O eixo central da reforma é a criação do IVA Dual, composto por dois tributos:

CBS: tributo federal

A Contribuição sobre Bens e Serviços (CBS) substitui PIS e Cofins, ambos federais.

IBS: tributo subnacional

O Imposto sobre Bens e Serviços (IBS) substitui:

  • ICMS (estadual)
  • ISS (municipal)

O IBS será administrado por um Comitê Gestor com representantes da União, estados e municípios — ponto considerado sensível no debate federativo.

Imposto Seletivo (IS)

O Imposto Seletivo substitui parcialmente o IPI e incidirá sobre produtos prejudiciais à saúde ou ao meio ambiente, como:

  • Bebidas alcoólicas
  • Cigarros
  • Combustíveis fósseis

A Zona Franca de Manaus mantém tratamento diferenciado.

O modelo é inspirado em sistemas adotados por países da Organização para a Cooperação e Desenvolvimento Econômico (OCDE), priorizando:

  • Não cumulatividade plena
  • Tributação no destino
  • Padronização nacional de regras

2026: fase de testes já impacta empresas

Embora chamado de “ano de pedagogia”, 2026 já traz efeitos concretos.

CBS e IBS passam a constar nas notas fiscais com alíquotas simbólicas:

  • 0,9% para CBS
  • 0,1% para IBS

Não há aumento real da carga porque os valores podem ser compensados com débitos de PIS e Cofins.

O que as empresas já precisam fazer

Mesmo com alíquotas reduzidas, as empresas precisam:

  • Adaptar sistemas de gestão e ERP
  • Atualizar emissão de notas fiscais
  • Revisar classificação fiscal de produtos
  • Ajustar cadastros internos
  • Lidar com validações em tempo real

Dados ficam registrados na Receita Federal do Brasil e no Comitê Gestor do IBS, podendo servir de base para fiscalizações futuras.

Erros podem gerar:

  • Rejeição de notas
  • Travamento de faturamento
  • Formação de passivos tributários

Empresas do Simples Nacional e MEIs não estão sujeitas às exigências iniciais, mas precisarão avaliar nos próximos anos se permanecem no regime simplificado ou migram para o novo modelo.

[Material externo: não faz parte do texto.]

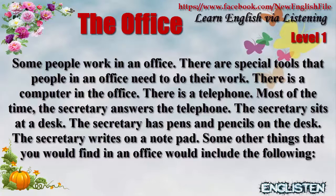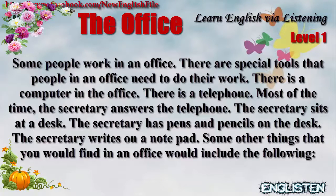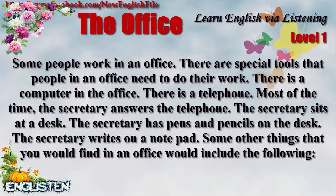There is a computer in the office. There is a telephone. Most of the time, the secretary answers the telephone. The secretary sits at a desk. The secretary has pens and pencils on the desk. The secretary writes on a notepad.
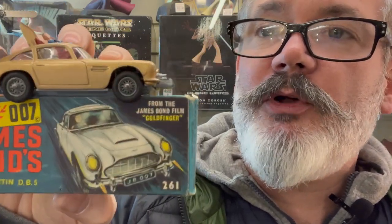Another big risk Corgi took was painting it gold, because as any Bond fan would know, the car in the film was silver and the toy is gold. To me that's a big risk, but at the time the silver paint they had looked awful — it looked like the car was still in bare metal. So they took a punt, painted it gold, and a legend was born.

2027: CBS entra em vigor e impacta o caixa

Em 2027, a CBS substitui definitivamente PIS e Cofins.

A alíquota estimada é de 8,7%, sujeita a ajustes conforme testes de 2026.

O IBS continua com alíquota simbólica, enquanto estados e municípios testam sistemas.

Também entra em vigor o Imposto Seletivo.

Split payment: mudança estrutural no fluxo de caixa

O split payment separa automaticamente o valor do imposto no momento do pagamento.

Na prática:

  • O imposto deixa de circular temporariamente no caixa da empresa
  • Reduz risco de inadimplência tributária
  • Exige maior planejamento financeiro

Para empresas que dependem de capital de giro, essa mudança pode alterar significativamente o fluxo de caixa.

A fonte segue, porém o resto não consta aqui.